EXERCISE —
Find the line containing "2012 Toyota Sienna" in the entries below. Restate it and each line after it, word for word, up to and including the line containing "Letto o letti in una camera di Casa Adele".

Stored data
***
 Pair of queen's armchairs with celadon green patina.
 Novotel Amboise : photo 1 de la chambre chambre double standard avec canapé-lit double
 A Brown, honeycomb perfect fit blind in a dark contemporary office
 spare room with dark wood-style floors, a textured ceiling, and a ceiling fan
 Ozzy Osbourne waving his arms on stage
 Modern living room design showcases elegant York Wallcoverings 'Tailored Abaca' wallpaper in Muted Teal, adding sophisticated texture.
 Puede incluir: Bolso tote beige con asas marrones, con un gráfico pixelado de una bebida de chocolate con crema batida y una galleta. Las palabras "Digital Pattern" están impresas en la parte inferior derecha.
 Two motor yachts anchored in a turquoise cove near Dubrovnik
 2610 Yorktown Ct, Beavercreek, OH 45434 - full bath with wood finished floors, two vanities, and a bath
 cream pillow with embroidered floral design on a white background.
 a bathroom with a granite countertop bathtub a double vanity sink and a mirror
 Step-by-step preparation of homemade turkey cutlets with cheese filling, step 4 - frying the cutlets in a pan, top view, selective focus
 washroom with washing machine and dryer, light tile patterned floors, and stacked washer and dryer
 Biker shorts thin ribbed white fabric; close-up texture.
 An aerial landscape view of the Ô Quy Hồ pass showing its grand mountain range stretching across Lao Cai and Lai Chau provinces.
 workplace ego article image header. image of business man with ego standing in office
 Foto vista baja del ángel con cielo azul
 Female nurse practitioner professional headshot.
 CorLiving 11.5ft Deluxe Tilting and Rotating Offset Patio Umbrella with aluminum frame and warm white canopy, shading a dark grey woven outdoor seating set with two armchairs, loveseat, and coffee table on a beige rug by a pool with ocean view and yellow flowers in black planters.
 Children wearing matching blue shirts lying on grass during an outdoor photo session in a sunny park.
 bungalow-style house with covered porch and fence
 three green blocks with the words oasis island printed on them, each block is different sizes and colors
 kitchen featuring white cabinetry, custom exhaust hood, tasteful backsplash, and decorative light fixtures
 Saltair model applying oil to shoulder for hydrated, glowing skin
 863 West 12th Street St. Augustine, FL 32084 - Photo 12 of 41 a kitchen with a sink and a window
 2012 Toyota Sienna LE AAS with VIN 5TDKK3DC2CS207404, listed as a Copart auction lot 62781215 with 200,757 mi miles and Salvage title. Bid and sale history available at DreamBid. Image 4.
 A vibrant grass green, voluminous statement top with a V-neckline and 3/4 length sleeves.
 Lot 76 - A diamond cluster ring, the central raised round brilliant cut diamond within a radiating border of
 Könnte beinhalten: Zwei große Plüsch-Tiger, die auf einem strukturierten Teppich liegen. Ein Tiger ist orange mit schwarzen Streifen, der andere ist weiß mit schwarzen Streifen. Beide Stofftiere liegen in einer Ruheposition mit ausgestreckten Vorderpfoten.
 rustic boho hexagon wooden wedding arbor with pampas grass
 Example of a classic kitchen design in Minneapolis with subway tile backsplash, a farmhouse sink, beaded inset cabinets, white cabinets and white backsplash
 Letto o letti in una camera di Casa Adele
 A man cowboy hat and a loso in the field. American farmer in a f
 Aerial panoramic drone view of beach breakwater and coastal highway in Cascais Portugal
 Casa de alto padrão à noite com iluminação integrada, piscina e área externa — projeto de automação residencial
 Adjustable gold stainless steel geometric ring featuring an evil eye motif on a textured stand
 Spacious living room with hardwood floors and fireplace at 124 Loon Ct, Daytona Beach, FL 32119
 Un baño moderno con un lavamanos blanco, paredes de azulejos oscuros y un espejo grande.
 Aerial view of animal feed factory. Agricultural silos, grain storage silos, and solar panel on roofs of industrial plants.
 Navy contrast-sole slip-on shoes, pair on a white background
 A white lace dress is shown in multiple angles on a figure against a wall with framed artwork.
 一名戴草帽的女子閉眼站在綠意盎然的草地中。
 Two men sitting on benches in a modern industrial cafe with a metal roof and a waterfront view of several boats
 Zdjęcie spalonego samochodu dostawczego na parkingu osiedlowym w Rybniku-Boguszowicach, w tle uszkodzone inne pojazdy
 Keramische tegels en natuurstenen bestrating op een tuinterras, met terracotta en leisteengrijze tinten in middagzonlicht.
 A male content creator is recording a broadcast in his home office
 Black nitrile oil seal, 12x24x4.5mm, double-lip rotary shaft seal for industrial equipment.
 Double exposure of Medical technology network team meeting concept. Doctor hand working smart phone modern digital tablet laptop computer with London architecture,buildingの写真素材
***
EXERCISE ANSWER —
 2012 Toyota Sienna LE AAS with VIN 5TDKK3DC2CS207404, listed as a Copart auction lot 62781215 with 200,757 mi miles and Salvage title. Bid and sale history available at DreamBid. Image 4.
 A vibrant grass green, voluminous statement top with a V-neckline and 3/4 length sleeves.
 Lot 76 - A diamond cluster ring, the central raised round brilliant cut diamond within a radiating border of
 Könnte beinhalten: Zwei große Plüsch-Tiger, die auf einem strukturierten Teppich liegen. Ein Tiger ist orange mit schwarzen Streifen, der andere ist weiß mit schwarzen Streifen. Beide Stofftiere liegen in einer Ruheposition mit ausgestreckten Vorderpfoten.
 rustic boho hexagon wooden wedding arbor with pampas grass
 Example of a classic kitchen design in Minneapolis with subway tile backsplash, a farmhouse sink, beaded inset cabinets, white cabinets and white backsplash
 Letto o letti in una camera di Casa Adele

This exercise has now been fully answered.